### Data extracts
********************
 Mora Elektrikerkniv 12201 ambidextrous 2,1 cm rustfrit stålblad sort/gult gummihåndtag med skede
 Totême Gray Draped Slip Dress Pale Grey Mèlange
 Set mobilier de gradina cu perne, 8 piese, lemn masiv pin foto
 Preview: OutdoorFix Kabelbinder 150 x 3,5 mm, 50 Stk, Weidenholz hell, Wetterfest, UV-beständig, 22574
********************
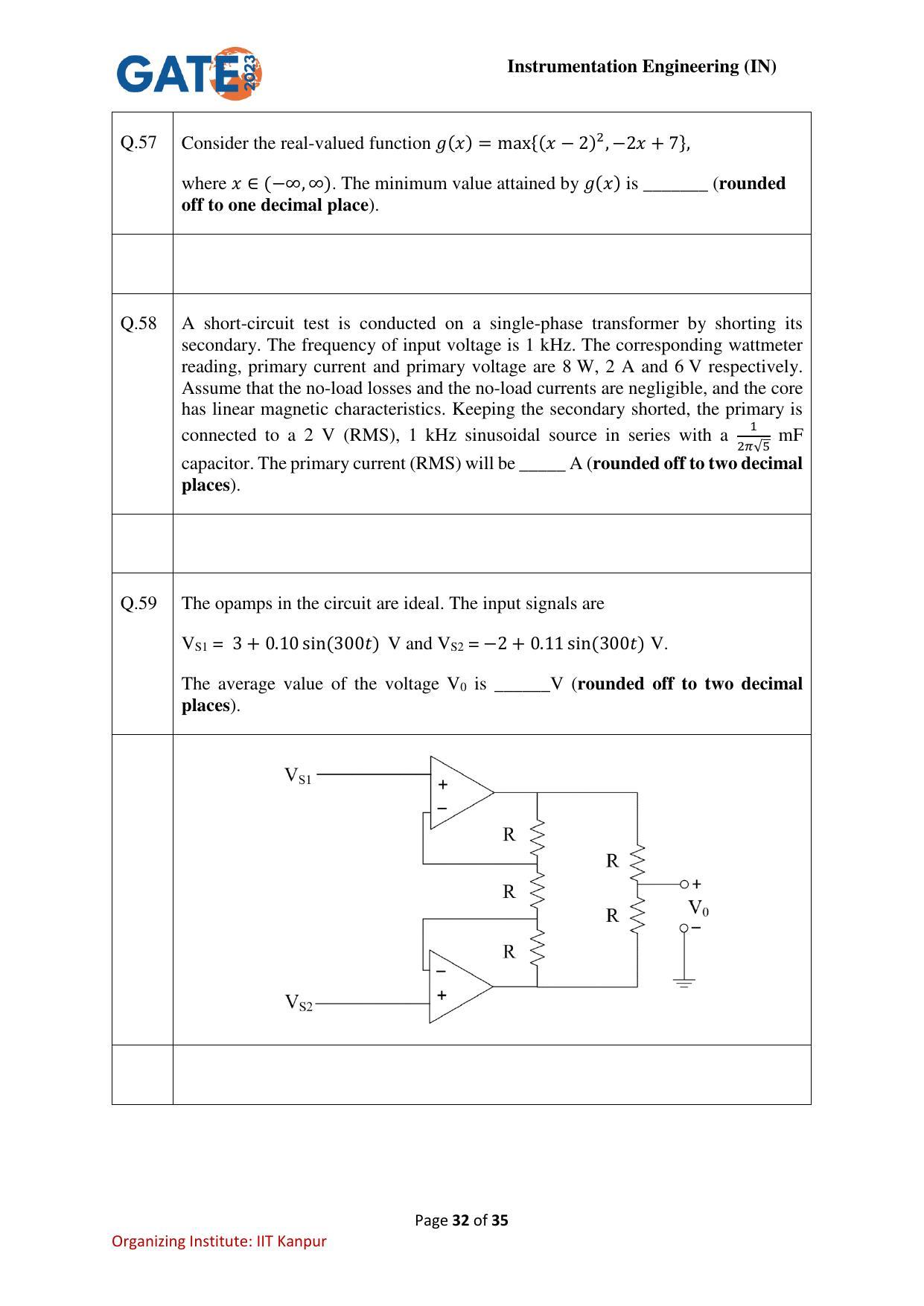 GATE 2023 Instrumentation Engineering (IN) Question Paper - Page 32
********************
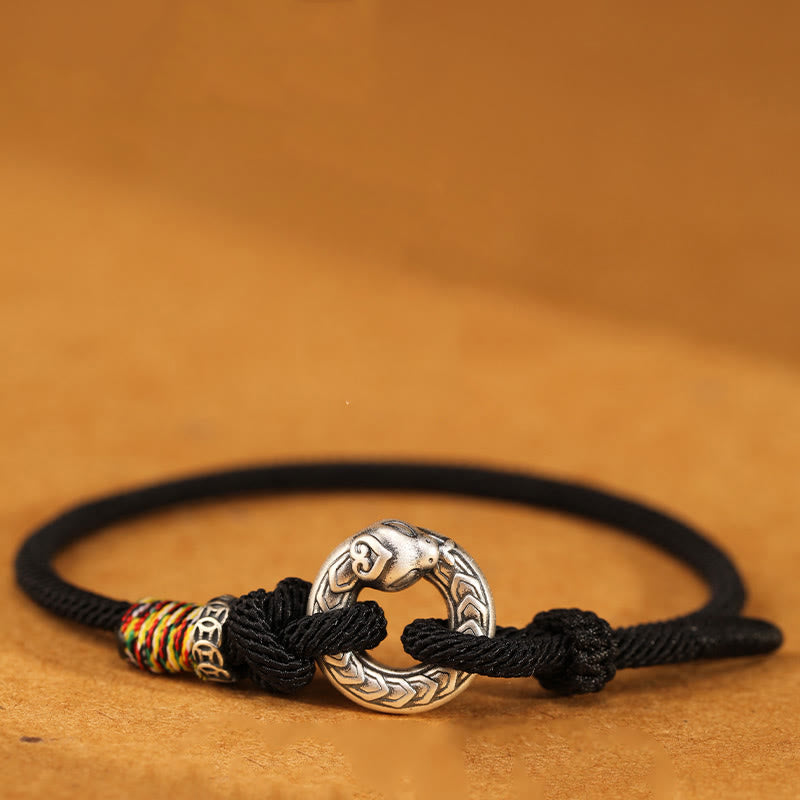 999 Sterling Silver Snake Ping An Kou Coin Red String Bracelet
********************
Of the entries above, transcribe exactly those lines that fall between the line containing "Totême Gray Draped" and the line containing "Preview: OutdoorFix Kabelbinder", together with those two lines.

 Totême Gray Draped Slip Dress Pale Grey Mèlange
 Set mobilier de gradina cu perne, 8 piese, lemn masiv pin foto
 Preview: OutdoorFix Kabelbinder 150 x 3,5 mm, 50 Stk, Weidenholz hell, Wetterfest, UV-beständig, 22574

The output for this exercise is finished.